» **Problem**: Your job with the data below is to output exactly the lines from the one holding "Muslim Woman rowing at 2012 Olympics." down to the one holding "MOVEUP幻走2025秋季新款.FUN系列纯棉趣味贴布绣贴袋短款外套女", both included, and no others.

» **Data for this task**:
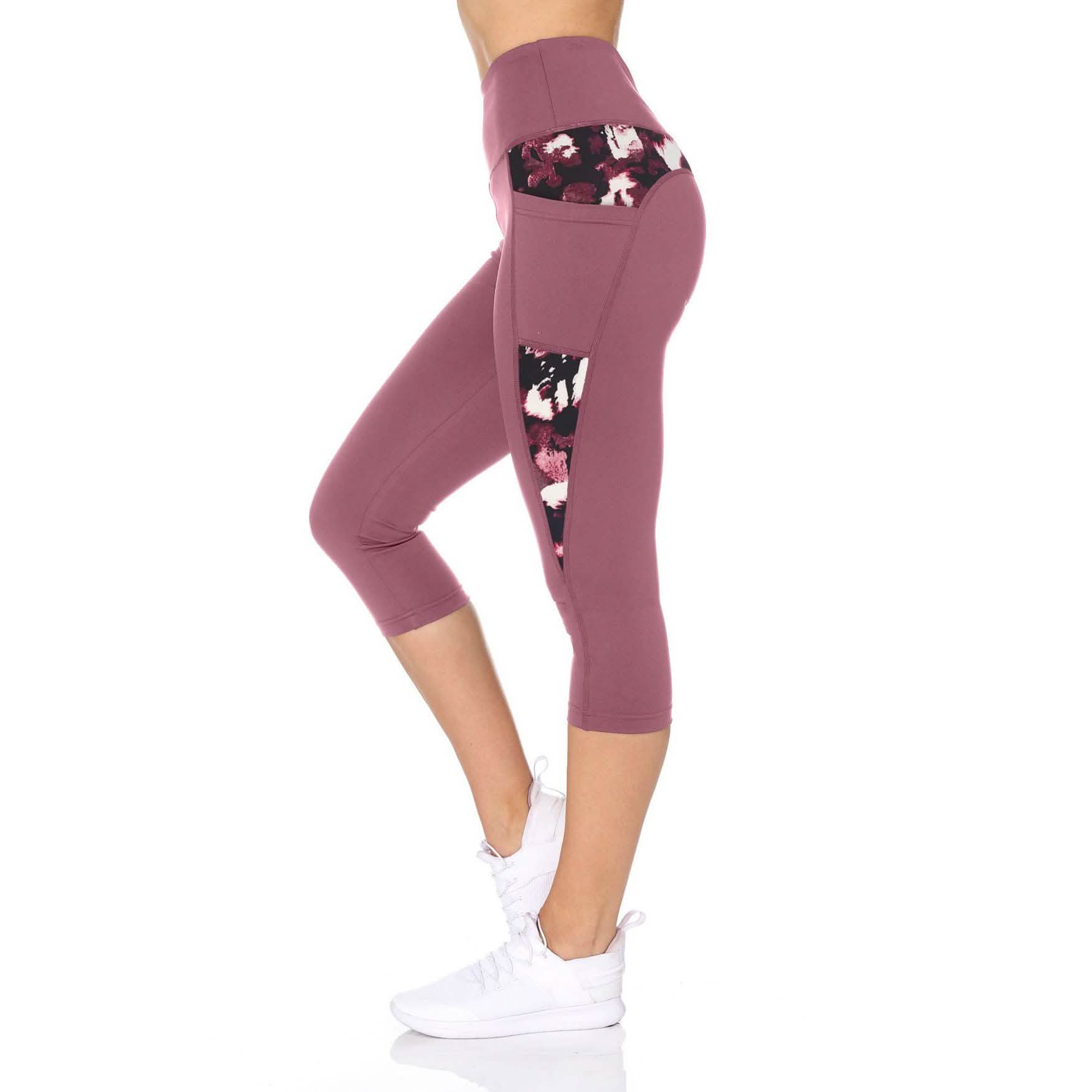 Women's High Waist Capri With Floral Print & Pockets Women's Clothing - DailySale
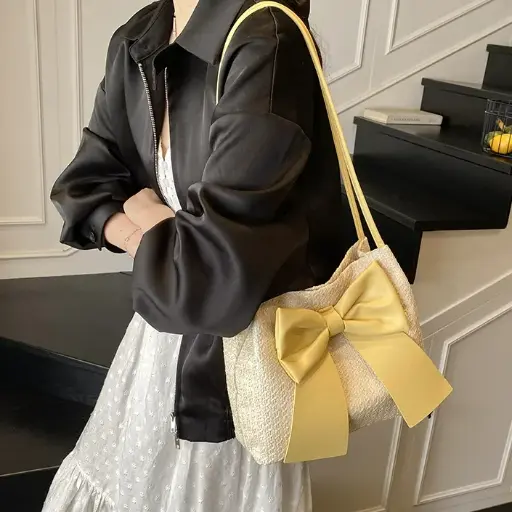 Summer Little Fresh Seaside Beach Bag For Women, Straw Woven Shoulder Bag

--

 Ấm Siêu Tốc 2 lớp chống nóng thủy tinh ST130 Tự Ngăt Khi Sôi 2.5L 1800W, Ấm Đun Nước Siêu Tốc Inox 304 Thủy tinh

...

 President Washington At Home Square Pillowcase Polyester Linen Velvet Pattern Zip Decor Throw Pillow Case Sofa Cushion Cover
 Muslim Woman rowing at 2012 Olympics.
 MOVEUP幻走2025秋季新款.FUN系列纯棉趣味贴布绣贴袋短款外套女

» **Answer space**:
 Muslim Woman rowing at 2012 Olympics.
 MOVEUP幻走2025秋季新款.FUN系列纯棉趣味贴布绣贴袋短款外套女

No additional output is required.